Ma un fatto distingueva in modo particolare quegli arcaici tempi, e differenziava nettamente gli inizi del ventesimo secolo dalla sua fine: allora i contadini, da maggio a fine settembre, e magari sino a metà ottobre, lasciavano nei loro armadi di casa le scarpe, le ciabatte, gli zoccoli, e andavano in giro scalzi per i lavori nei campi. Esattamente come i contadini e le contadine del Pontormo nel celebre affresco d’una lunetta della Villa Medici a Poggio a Caiano, trecento anni prima. Nel 1920 e dintorni non si era ancora profilata all’orizzonte la Grande Rottura, il Grande Spartiacque nei modi di vivere. Clé viveva come un atto intimo d’affermazione e d’orgoglio gettar via scarpe e sandali prima degli altri. “Guarda Martino, vò già scalzo!” esclamava magari a fine aprile, quando la pelle ancora tenera e sensibile dei piedi avvertiva il freddo della terra, anche se le erbe, i ranuncoli, le calendule erano soffici come cenci di seta. Con l’avanzare dell’estate tutti, Clé compreso, finivano per avere alle piante dei piedi una specie di suola naturale, un durone insensibile, che permetteva di correre tra petraie e dirupi, tra frasche e spine, come nulla fosse. Per Clé l’andare scalzo era segno amatissimo d’una propria segreta identità: avvertiva con orgoglio di portare in corpo il suggello, lo stemma, di colui che nulla ha da spartire con l’odiato signorino. Per fortuna in casa, salvo momenti speciali, non venivano sollevate obiezioni. Un certo lato spartano e militaresco della componente domestica inglese vedeva di buon occhio questi segni di vita “semplice, sana, naturale”.

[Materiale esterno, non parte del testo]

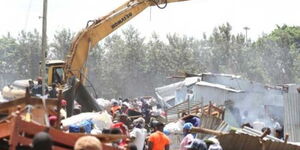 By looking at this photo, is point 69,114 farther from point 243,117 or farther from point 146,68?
point 146,68

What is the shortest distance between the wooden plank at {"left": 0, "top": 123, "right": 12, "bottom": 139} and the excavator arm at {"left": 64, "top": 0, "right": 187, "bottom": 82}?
622 inches

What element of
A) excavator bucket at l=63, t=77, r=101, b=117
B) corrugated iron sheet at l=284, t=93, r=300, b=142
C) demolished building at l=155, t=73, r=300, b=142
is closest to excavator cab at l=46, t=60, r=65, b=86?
excavator bucket at l=63, t=77, r=101, b=117

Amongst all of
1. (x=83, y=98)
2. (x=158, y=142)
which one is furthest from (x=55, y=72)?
(x=158, y=142)

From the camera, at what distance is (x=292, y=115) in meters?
18.3

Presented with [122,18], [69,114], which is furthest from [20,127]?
[122,18]

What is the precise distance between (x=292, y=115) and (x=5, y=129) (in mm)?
13660

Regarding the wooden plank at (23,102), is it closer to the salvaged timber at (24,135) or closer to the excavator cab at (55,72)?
the salvaged timber at (24,135)

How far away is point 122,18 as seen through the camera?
2334 centimetres

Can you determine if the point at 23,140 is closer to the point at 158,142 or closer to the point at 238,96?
the point at 158,142

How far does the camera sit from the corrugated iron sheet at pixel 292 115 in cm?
1822

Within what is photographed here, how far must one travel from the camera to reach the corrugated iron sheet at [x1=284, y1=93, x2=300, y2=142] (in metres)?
18.2

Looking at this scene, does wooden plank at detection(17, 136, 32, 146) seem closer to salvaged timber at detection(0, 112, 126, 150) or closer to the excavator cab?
salvaged timber at detection(0, 112, 126, 150)

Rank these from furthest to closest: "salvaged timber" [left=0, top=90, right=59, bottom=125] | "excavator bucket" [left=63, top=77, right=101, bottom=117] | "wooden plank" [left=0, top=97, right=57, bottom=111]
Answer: "excavator bucket" [left=63, top=77, right=101, bottom=117], "wooden plank" [left=0, top=97, right=57, bottom=111], "salvaged timber" [left=0, top=90, right=59, bottom=125]

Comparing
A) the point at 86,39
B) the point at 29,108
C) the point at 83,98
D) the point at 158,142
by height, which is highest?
the point at 86,39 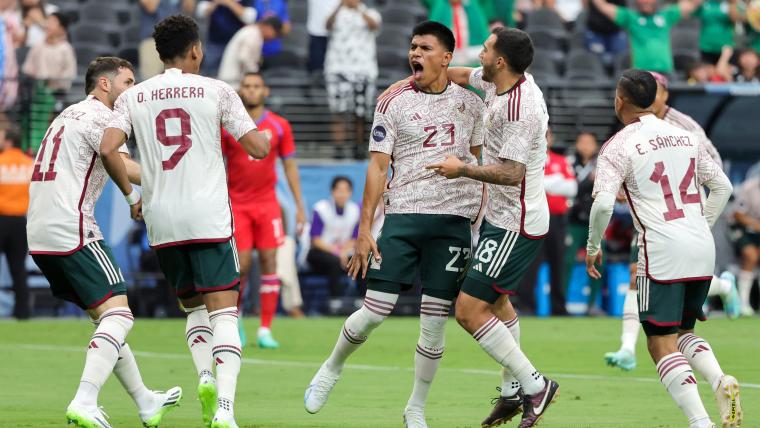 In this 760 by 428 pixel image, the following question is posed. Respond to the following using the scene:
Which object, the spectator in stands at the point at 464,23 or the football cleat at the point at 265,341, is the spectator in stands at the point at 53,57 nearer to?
the spectator in stands at the point at 464,23

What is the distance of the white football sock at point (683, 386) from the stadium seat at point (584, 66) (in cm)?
1499

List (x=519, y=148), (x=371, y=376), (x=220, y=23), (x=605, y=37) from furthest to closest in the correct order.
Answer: (x=605, y=37) → (x=220, y=23) → (x=371, y=376) → (x=519, y=148)

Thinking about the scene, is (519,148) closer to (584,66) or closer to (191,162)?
(191,162)

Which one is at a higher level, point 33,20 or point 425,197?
point 425,197

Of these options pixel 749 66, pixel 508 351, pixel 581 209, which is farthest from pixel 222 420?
pixel 749 66

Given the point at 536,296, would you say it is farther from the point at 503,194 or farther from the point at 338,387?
the point at 503,194

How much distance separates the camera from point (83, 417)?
8312 millimetres

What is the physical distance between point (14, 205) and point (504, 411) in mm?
11697

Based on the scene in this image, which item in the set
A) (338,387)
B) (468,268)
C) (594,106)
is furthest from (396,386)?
(594,106)

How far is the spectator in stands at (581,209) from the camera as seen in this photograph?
66.2 feet

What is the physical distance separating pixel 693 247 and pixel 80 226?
12.3ft

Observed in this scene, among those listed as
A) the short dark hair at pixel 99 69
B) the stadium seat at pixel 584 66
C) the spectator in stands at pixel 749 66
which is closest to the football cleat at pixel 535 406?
the short dark hair at pixel 99 69

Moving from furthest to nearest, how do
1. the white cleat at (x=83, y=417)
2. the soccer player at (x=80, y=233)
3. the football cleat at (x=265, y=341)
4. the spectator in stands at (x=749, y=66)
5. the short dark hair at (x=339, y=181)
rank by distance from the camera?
the spectator in stands at (x=749, y=66)
the short dark hair at (x=339, y=181)
the football cleat at (x=265, y=341)
the soccer player at (x=80, y=233)
the white cleat at (x=83, y=417)

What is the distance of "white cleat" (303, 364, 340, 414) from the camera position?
9414mm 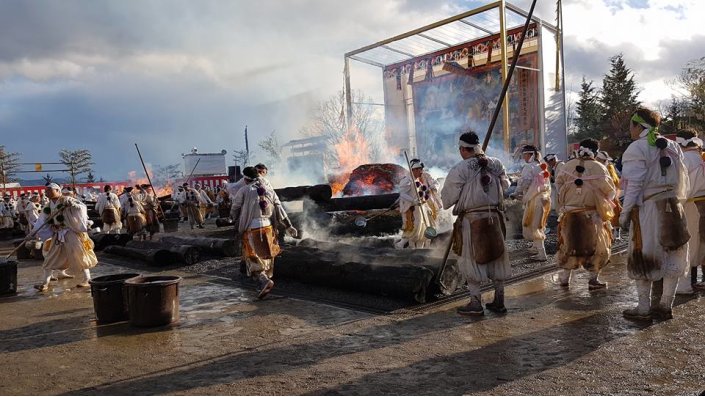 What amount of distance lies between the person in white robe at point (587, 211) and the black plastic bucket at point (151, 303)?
4964 mm

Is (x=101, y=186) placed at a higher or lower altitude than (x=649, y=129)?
higher

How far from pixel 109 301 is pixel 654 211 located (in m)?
6.14

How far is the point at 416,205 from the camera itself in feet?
33.9

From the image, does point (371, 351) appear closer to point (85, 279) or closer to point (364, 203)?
point (85, 279)

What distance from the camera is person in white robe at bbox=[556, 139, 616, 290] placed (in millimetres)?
6777

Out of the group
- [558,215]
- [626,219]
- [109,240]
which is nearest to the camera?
[626,219]

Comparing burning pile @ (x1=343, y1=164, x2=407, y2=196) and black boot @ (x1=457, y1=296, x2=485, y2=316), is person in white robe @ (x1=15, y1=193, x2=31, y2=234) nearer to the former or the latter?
burning pile @ (x1=343, y1=164, x2=407, y2=196)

Qualche volta avveniva che Clé inciampasse in un sasso puntuto, in un chiodo, in una scheggia di legno o di vetro; allora zoppicando e perdendo del sangue cercava la mamma per farsi medicare e fasciare. E qui Clé percepiva gli invisibili muri d’atteggiamenti e d’idee. Quando qualche compagno, o amichetta di giochi, si faceva male e correva dalla mamma italiana, la reazione della donna era d’amoroso compianto: “Oh poverino, che ti sei fatto? Ora ti medico io, vedrai che non è nulla... Poverino, amore, vieni dammi un bacio...” Con la mamma inglese invece nulla di tutto ciò: “Now, brave boys don’t cry... Smile!” faceva lei, magari cospargendo la ferita con tintura di iodio (allora si usava come disinfettante) o con alcol, entrambi per qualche secondo diabolicamente dolorosi e brucianti.